YOUNGSTOWN, OHIO —
In the wake of Indiana State’s 27-6 loss to Youngstown State, the postgame disappointment expressed by the Sycamores was the grimmest and saddest I’ve seen in eight years of covering ISU athletics.
We all know life is unfair. We all know sports can be unfair. You only get what you earn.
And though ISU certainly didn’t do enough to beat the Penguins on Saturday and make their case for a FCS playoff spot, it was hard to be in a detached “life is unfair” mode as the Sycamores filed dejectedly out of the Stambaugh Stadium locker room.
The sadness worn on the Sycamores’ sleeves and the tears that rolled down the Sycamores’ cheeks hit me as really unfair to ISU’s seniors.
ISU’s remaining fifth-year seniors were part of Trent Miles’ first recruiting class. The fourth-year seniors committed to ISU when the program had the nation’s longest losing streak millstone draped around its neck and was still a running joke.

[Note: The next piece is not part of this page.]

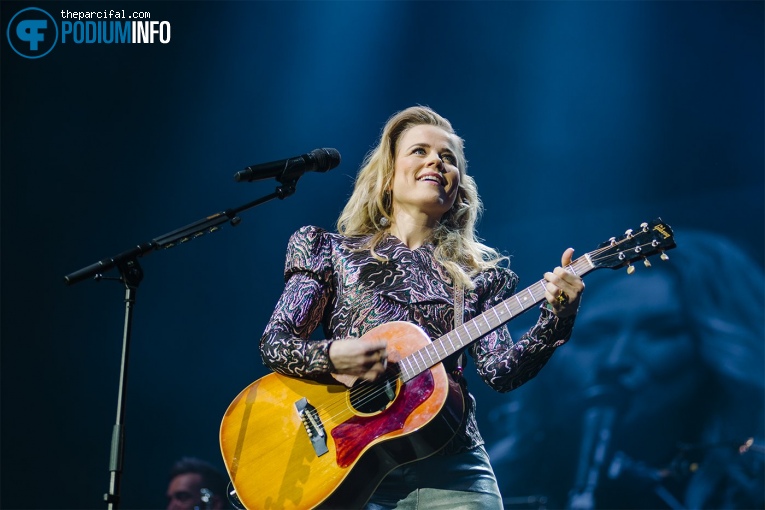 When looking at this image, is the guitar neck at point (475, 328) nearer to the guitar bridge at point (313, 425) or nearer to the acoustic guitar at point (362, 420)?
the acoustic guitar at point (362, 420)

These seniors committed to hope and a dream and little else other than Miles’ belief that it could be turned around at ISU.
Since then, ISU has won 20 games. These seniors are responsible for the first three-year stretch of winning seasons since 1969.
These seniors are the mortar for what is now a solid football program. So to see those tears? The loss was an untimely end that didn’t do justice to the legacy these seniors leave behind.
“It’s going to be hard … not having football anymore. This is going to be a tough one. You have to face reality now. Football is over,” said crestfallen ISU fifth-year senior linebacker Aaron Archie.
ISU defensive end Ben Obaseki was in tears after the game too.
“I’m just glad I’ve been blessed for these four years with the people I’ve played with and the people I’ve been standing by,” Obaseki said. “It’s been the best four years of my life. This is a great team that’s going to go on to do great things. I’m just glad I was a part of it.”
All of ISU’s 16 seniors helped build the Sycamores’ program, but I especially felt for those on the defensive side. Archie, Obaseki, Jacolby Washington and Johnny Towalid have been rocks for an ISU defense that’s been stellar from the time they took the field.
It was doubly sad to see Towalid carted off the field in his last game. That was just salt in the wounds.
Offensive players get more attention, but ISU’s defense has really been its center during the Sycamores’ rise to respectability.
That made Saturday’s game even crueler. ISU’s offense has played worse games this season, but it’s also played better, and the missed chances in the red zone hurt badly.
ISU’s defense was once again put in the position to be the white knight for the Sycamores’ hopes. A revived YSU offense, given several chances to get its rhythm, finally did.
The 21 unanswered points the Penguins scored seemed unfair in the cosmic order of things. ISU’s defense had answered the bell so many times before, but you can’t ask them to answer it every game and not expect to pay a heavy price.
But that’s not what makes this senior class memorable. For all of the disappointment that Saturday brought to the Sycamores, it should never be forgotten that it was these seniors who made it possible for the next generation of ISU football players to perform in a program that is respected instead of laughed at.
Though the playoffs weren’t reached, they’re a realistic possibility for this program now, and have been for the last three seasons. When you think about where this group was as freshmen in 2009, they’ve driven this program light years beyond where anyone thought it could be.
But those tears still rolled. And it hit me as brutally unjust.
“I was here from day one with Coach Miles and I believed everything he said. We went from the laughing stock to a playoff contender. It’s a great feeling to have done that, but I’m still in shock,” Archie said.
So am I. This senior group deserved a better fate.